Depois de um ano de atividades, toda a desconfiança foi findada. Não demorou para que a proposta pioneira do Viva Favela desse certo, crescesse e alcançasse novos patamares. Em pouco tempo, os veículos da grande mídia passaram a buscar pautas a partir de matérias produzidas pelos correspondentes comunitários. O portal ganhava status de referência internacional em jornalismo comunitário. Walter foi criando um portfolio notável e disseminando cada vez mais seu conhecimento, ao colaborar com o surgimento de uma talentosa geração de fotógrafos periféricos. Hoje, o Viva Favela (www.vivafavela.com.br) fala da realidade das periferias e favelas de todo o Brasil. “No começo, as pessoas nos chamavam de fotógrafos populares, mas depois de um tempo me senti incomodado, assim como meus colegas fotógrafos de outros projetos que também registram o dia a dia das favelas e periferias cariocas. Somos fotógrafos tão capacitados quanto os profissionais da grande mídia, mas temos um campo de atuação diferente. Fotografamos as coisas boas e ruins de uma favela sob a ótica de quem vive lá”, explica Walter, que já morou em comunidades como Rocinha, Nova Holanda, Maré e, há um ano, vive na Tavares Bastos, no Catete.

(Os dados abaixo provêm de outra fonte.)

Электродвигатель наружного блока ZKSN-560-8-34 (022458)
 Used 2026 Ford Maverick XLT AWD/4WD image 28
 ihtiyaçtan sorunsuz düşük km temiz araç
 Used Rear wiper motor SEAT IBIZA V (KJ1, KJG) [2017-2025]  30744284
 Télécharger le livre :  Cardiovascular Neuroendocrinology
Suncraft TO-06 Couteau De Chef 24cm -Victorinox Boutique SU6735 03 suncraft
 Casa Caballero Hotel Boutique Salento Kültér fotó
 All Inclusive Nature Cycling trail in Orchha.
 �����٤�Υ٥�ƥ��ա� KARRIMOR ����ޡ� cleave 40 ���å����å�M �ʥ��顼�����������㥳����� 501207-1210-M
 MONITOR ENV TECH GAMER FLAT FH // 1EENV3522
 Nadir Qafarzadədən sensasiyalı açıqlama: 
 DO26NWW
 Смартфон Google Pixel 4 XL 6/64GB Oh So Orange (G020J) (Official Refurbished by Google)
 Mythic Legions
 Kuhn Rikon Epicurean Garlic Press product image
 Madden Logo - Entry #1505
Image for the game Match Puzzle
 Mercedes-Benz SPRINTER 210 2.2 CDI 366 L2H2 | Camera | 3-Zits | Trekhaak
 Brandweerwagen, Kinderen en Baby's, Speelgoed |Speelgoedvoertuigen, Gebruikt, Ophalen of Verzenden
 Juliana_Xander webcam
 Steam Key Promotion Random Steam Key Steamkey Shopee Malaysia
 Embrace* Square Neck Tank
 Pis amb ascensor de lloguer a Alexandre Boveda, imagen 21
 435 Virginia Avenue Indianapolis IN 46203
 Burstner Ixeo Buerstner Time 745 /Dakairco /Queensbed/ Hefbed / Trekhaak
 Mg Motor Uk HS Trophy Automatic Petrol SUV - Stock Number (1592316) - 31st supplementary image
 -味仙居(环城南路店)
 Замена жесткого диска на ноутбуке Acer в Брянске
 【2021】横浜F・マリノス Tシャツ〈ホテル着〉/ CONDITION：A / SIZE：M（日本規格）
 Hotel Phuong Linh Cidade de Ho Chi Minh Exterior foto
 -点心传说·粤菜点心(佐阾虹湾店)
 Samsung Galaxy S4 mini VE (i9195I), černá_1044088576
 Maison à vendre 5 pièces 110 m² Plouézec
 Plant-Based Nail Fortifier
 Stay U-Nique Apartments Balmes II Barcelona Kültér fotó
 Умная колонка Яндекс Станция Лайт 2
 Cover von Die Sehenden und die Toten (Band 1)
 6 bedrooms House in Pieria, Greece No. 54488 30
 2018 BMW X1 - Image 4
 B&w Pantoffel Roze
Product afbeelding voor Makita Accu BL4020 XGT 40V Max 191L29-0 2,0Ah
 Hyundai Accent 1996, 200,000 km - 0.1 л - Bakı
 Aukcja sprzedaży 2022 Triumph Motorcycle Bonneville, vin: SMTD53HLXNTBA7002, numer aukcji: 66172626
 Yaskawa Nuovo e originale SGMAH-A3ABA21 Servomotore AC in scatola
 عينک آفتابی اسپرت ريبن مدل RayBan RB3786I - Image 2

” FOTOGRAFAMOS AS COISAS BOAS E RUINS DE UMA FAVELA SOB A ÓTICA DE QUEM VIVE LÁ ”

waltermesquita

Vista do alto do Morro Tavares Bastos, no Catete. A janela da casa de Walter Mesquita

 

 

DE QUEIMADOS PARA O MUNDO

O trabalho como editor do portal Viva Favela rendeu destaque internacional a Walter. Em 2009, ele trabalhou como assistente e tornou-se amigo de Robert Polidori (fotógrafo mundialmente reconhecido que esteve na capital carioca para fotografar a arquitetura dos morros a convite do Instituto Moreira Salles). Por se tratar de uma situação delicada, já que não havia UPPs e tampouco a possibilidade do trabalho passar despercebido, pois Polidori utiliza equipamentos profissionais e de grande porte, Walter foi responsável pela condução da situação e, após conversar com algumas lideranças comunitárias, garantiu a segurança do fotógrafo e a realização do trabalho. “No fim, tudo ocorreu tranquilamente e fotografamos na Rocinha, no Complexo do Alemão, no Morro da Mineira, no Pavão e no Cantagalo”, comemora, lembrando que dificilmente um fotógrafo da chamada grande mídia teria essa possibilidade, na época.

A experiência internacional do fotógrafo não terminou com o trabalho de auxiliar do canadense Robert Polidori. Em 2011, Walter esteve na cidade de Dayton, no estado de Ohio, Estados Unidos, para representar o Brasil em um congresso composto de lideranças comunitárias de diversas partes do planeta. No mesmo ano, o editor de fotografia do Viva Favela esteve em Nova Iorque, onde trabalhou com o pessoal da escola de cinema Ghetto Films School, que funciona no bairro do Bronx.

De viagem marcada para um novo congresso de lideranças comunitárias e com um convite do governo americano para participar de um projeto de intercâmbio entre representantes de várias nações, o menino tímido de infância pobre que se apaixonou pela fotografia escreve seu nome como um dos principais fotógrafos ativistas do Brasil. Enquanto esse dia não chega, ele segue registrando a singela beleza dos morros e rostos de brasileiros que, muitas vezes confundidos com vilões, são verdadeiros heróis. E o melhor de tudo: Walter continua fazendo o seu trabalho com os mesmos olhos de menino sonhador e humilde.